Data supplied
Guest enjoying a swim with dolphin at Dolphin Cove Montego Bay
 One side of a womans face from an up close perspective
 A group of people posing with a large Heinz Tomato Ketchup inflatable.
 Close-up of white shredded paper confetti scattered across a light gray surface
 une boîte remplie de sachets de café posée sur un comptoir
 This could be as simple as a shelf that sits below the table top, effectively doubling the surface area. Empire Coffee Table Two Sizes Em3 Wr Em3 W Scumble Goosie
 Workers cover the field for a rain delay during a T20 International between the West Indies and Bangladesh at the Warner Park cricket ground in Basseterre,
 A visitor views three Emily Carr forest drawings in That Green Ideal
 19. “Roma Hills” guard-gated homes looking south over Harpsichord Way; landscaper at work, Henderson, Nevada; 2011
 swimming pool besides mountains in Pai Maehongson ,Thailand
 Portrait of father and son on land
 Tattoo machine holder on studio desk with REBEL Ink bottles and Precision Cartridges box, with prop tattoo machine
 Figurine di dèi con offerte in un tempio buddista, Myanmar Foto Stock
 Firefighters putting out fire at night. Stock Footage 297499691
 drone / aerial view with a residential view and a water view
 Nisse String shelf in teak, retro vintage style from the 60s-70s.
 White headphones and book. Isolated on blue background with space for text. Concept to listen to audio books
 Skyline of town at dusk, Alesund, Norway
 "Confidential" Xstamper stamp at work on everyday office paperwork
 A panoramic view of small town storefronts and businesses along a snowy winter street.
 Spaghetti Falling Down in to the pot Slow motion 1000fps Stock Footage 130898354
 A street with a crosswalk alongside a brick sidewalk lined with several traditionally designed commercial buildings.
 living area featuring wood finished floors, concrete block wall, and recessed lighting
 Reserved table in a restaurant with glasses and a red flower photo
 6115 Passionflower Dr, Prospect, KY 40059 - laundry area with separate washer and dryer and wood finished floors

Exercise description
There is a line with "Close-up of white" and a line with "A visitor views" above. Copy exactly those two lines and all lines between them, with nothing else.

Exercise output
 Close-up of white shredded paper confetti scattered across a light gray surface
 une boîte remplie de sachets de café posée sur un comptoir
 This could be as simple as a shelf that sits below the table top, effectively doubling the surface area. Empire Coffee Table Two Sizes Em3 Wr Em3 W Scumble Goosie
 Workers cover the field for a rain delay during a T20 International between the West Indies and Bangladesh at the Warner Park cricket ground in Basseterre,
 A visitor views three Emily Carr forest drawings in That Green Ideal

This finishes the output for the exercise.